Fine dining in Zambia has long meant replicating European techniques. But chef Sungani Phiri's new home restaurant is boldly elevating Zambia's ingredients – and its culinary profile.

I'm sitting at an outdoor verandah with my family in a suburb of Livingstone, Zambia, when chef Sungani Piri brings out our fourth course.

It's a black cone-shaped canape made of cassava, served on a bed of millet inside a black potjie – a three-legged cooking pot. Filled with avocado ice cream and topped with edible gold flecks, it's almost too pretty to eat. But I take a bite; it's simultaneously sweet and savoury. The gold, Phiri informs us, is an homage to the Copperbelt, Zambia's mining region.

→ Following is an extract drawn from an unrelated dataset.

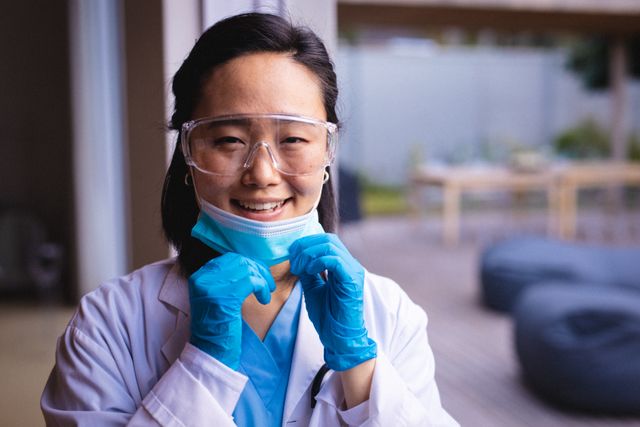 This image depicts a smiling Asian doctor wearing protective glasses and a face mask, symbolizing safety and professionalism in healthcare. Ideal for use in medical articles, health service promotions, COVID-19 awareness campaigns, and educational materials about healthcare workers and their roles during the pandemic.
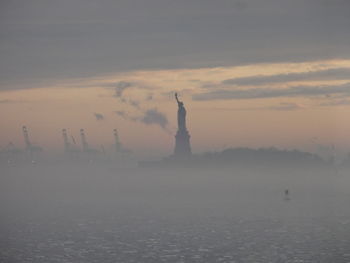 Silhouette statue of liberty in foggy weather during sunrise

These dishes are Zambia on a plate, yet unlike anything most travellers – or locals – will have encountered in the tourist capital, where restaurants usually cater to international tastes and fine dining has long referenced European techniques. Visitors hoping to try traditional Zambian cuisine typically encounter buffets of stews, boiled vegetables and nshima, the porridge-like cornmeal that is our staple food.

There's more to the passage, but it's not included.